(Short web captions)
********
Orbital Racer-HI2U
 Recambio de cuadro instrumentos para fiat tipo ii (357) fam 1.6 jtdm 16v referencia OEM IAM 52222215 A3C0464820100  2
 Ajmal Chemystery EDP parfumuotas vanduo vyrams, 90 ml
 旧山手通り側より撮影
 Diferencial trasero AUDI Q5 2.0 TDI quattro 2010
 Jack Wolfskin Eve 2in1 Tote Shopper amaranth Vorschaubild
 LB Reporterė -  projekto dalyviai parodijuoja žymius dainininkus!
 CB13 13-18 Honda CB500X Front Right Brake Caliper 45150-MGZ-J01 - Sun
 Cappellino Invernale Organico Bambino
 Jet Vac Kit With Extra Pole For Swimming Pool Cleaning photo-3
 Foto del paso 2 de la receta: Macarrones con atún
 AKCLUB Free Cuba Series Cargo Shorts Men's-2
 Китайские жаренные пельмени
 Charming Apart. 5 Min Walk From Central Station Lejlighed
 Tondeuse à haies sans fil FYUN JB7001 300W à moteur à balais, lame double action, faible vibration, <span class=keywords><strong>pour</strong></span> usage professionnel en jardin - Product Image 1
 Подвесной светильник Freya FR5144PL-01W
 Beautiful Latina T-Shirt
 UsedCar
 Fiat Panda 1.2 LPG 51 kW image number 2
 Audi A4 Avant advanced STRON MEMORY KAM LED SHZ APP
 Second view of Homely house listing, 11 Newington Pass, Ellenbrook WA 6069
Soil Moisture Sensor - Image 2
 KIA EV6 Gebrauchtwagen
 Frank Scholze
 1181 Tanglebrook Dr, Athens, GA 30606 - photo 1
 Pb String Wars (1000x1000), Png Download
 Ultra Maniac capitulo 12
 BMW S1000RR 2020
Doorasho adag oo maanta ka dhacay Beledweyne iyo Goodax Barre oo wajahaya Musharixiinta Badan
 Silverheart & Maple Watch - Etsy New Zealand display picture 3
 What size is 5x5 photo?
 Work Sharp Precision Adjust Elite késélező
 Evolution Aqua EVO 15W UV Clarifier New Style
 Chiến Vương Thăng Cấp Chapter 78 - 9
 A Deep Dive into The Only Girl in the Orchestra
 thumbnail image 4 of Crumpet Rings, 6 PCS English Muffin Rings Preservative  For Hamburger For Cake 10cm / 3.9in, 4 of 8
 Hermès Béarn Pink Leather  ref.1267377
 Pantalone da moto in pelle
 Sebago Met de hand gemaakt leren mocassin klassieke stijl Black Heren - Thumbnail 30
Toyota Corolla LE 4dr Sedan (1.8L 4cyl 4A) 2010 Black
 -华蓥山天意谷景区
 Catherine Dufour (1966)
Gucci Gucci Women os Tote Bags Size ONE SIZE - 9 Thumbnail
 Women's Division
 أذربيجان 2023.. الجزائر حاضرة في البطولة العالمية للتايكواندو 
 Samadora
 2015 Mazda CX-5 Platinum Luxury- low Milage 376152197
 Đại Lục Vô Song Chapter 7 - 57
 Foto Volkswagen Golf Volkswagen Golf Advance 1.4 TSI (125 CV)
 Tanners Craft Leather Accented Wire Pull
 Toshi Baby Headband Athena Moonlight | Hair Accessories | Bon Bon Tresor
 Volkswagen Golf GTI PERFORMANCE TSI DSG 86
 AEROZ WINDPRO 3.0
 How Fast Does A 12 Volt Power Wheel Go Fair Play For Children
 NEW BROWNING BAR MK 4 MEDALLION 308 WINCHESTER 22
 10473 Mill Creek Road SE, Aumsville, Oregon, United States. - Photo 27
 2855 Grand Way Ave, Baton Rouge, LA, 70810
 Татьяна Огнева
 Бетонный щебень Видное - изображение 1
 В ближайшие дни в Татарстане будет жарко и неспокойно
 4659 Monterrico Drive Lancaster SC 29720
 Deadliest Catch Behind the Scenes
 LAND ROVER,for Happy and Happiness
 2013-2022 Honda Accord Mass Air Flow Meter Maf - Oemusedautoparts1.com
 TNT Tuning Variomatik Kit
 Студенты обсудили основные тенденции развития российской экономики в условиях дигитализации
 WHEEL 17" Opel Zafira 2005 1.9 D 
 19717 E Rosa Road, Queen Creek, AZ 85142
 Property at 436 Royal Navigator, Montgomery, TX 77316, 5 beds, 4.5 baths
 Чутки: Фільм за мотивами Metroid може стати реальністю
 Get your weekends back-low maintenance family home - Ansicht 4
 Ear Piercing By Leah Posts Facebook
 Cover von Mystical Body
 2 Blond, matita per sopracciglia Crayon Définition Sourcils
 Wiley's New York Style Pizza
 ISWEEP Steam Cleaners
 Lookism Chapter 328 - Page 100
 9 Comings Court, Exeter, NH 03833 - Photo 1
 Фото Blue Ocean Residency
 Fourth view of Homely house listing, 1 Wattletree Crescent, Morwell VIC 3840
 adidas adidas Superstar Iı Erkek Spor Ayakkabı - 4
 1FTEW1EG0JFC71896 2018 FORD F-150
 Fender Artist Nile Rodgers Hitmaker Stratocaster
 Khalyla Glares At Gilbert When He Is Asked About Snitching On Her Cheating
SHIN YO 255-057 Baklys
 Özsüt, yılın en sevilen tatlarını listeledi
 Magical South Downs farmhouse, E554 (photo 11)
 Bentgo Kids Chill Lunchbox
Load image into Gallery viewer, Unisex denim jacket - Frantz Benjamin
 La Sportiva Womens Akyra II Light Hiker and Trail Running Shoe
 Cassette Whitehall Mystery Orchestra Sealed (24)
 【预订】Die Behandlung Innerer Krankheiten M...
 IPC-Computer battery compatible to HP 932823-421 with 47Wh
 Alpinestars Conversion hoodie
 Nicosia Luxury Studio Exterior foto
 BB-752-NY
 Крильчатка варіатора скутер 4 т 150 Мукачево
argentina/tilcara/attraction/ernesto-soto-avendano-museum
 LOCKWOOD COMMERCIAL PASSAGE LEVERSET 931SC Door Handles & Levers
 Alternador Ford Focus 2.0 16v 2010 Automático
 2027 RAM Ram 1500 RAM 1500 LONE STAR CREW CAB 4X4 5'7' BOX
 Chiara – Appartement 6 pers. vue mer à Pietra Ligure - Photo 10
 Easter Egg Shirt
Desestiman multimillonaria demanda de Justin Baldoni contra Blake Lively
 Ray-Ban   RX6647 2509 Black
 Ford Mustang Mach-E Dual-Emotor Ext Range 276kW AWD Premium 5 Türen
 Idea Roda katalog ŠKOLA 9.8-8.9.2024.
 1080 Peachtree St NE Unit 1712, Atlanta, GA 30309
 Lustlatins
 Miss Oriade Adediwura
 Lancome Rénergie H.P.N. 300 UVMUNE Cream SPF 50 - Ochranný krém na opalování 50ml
********
In the entries above, the lines between the one holding "1FTEW1EG0JFC71896 2018 FORD F-150" and the one holding "1080 Peachtree St", inclusive, are to be printed exactly as written, and those alone.

 1FTEW1EG0JFC71896 2018 FORD F-150
 Fender Artist Nile Rodgers Hitmaker Stratocaster
 Khalyla Glares At Gilbert When He Is Asked About Snitching On Her Cheating
SHIN YO 255-057 Baklys
 Özsüt, yılın en sevilen tatlarını listeledi
 Magical South Downs farmhouse, E554 (photo 11)
 Bentgo Kids Chill Lunchbox
Load image into Gallery viewer, Unisex denim jacket - Frantz Benjamin
 La Sportiva Womens Akyra II Light Hiker and Trail Running Shoe
 Cassette Whitehall Mystery Orchestra Sealed (24)
 【预订】Die Behandlung Innerer Krankheiten M...
 IPC-Computer battery compatible to HP 932823-421 with 47Wh
 Alpinestars Conversion hoodie
 Nicosia Luxury Studio Exterior foto
 BB-752-NY
 Крильчатка варіатора скутер 4 т 150 Мукачево
argentina/tilcara/attraction/ernesto-soto-avendano-museum
 LOCKWOOD COMMERCIAL PASSAGE LEVERSET 931SC Door Handles & Levers
 Alternador Ford Focus 2.0 16v 2010 Automático
 2027 RAM Ram 1500 RAM 1500 LONE STAR CREW CAB 4X4 5'7' BOX
 Chiara – Appartement 6 pers. vue mer à Pietra Ligure - Photo 10
 Easter Egg Shirt
Desestiman multimillonaria demanda de Justin Baldoni contra Blake Lively
 Ray-Ban   RX6647 2509 Black
 Ford Mustang Mach-E Dual-Emotor Ext Range 276kW AWD Premium 5 Türen
 Idea Roda katalog ŠKOLA 9.8-8.9.2024.
 1080 Peachtree St NE Unit 1712, Atlanta, GA 30309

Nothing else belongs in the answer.